CUMPRINC(rate, periods, amount, start_period, end_period <,type>)
Numeric. The interest rate per period.
Numeric. The number of payment periods in the term of the loan.
Numeric. The principal amount of the loan.
Numeric. The first period of the calculation.
Numeric. The last period of the calculation.
Optional. Numeric constant. Specifies whether payments are due at the beginning or end of the period. Use the default of 0 for payments that are due at the end of a period, or 1 for payments that are due at the beginning of a period.
Numeric.
You must use consistent units to specify rate and periods. For example, if you make monthly payments on a two-year loan at a rate of 6 percent, use 0.06/12 for rate and 2 * 12 for periods.

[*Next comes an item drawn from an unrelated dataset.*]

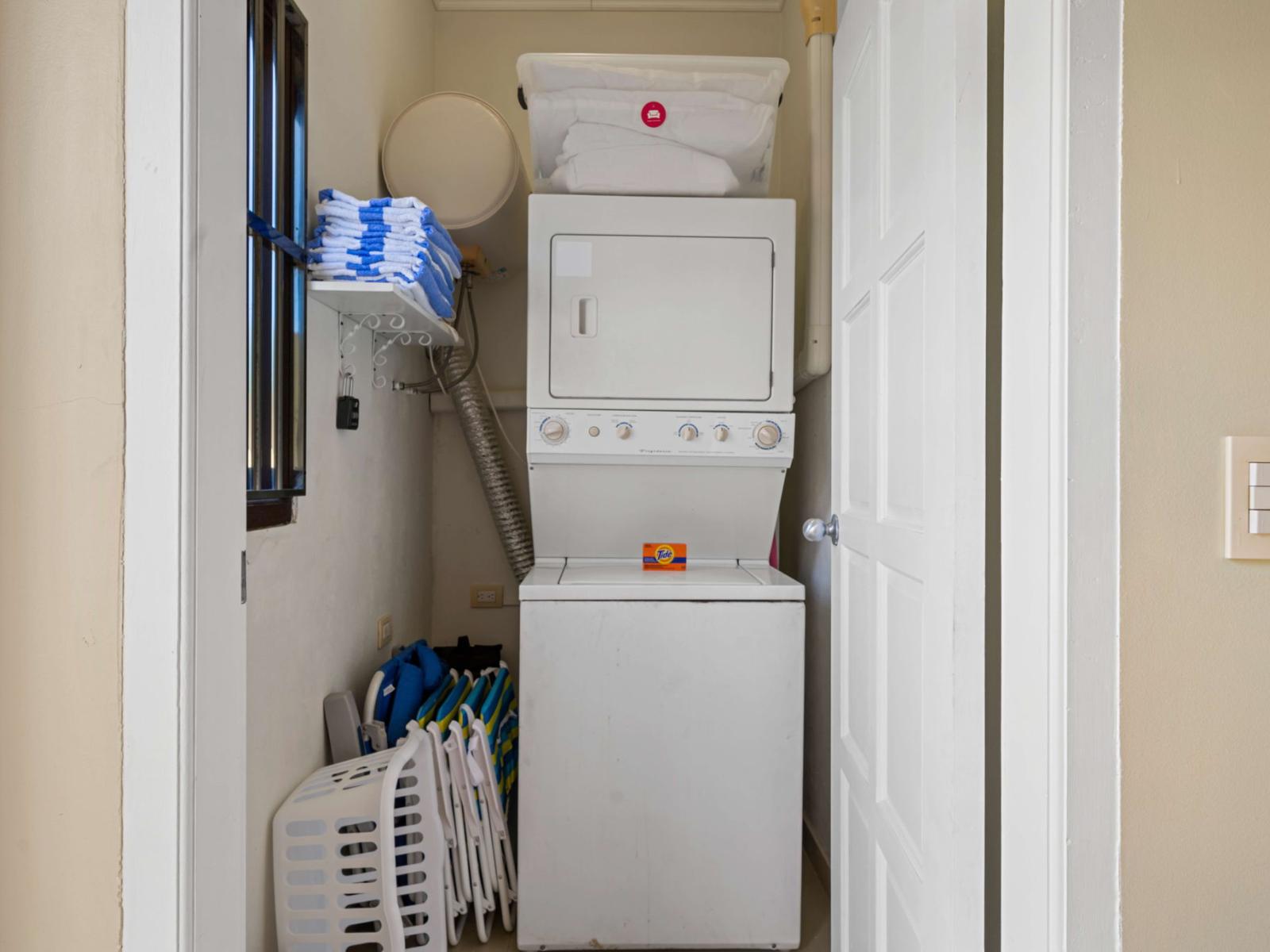 Convenient laundry area in the condo, equipped with a washer and dryer – making your Airbnb stay even more comfortable and hassle-free!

If you make annual payments on the same loan, use 0.06 for rate and 2 for periods.
Calculating the principal repaid on a loan
Use the following to find the amount paid against the principal in the second year of a twenty-five year, $275,000 mortgage at 6.5 percent per annum, with payments due at the end of the month:
CUMPRINC(0.065 / 12, 12*25, 275000, 13, 24)
returns 4844.61. The amount paid against the principal is $4844.61.
Use the following to find the amount paid against the principal on the same mortgage in a single payment in the first month:
CUMPRINC(0.065 / 12, 12*25, 275000, 1, 1)
returns 367.24. The amount paid against the principal is $367.24.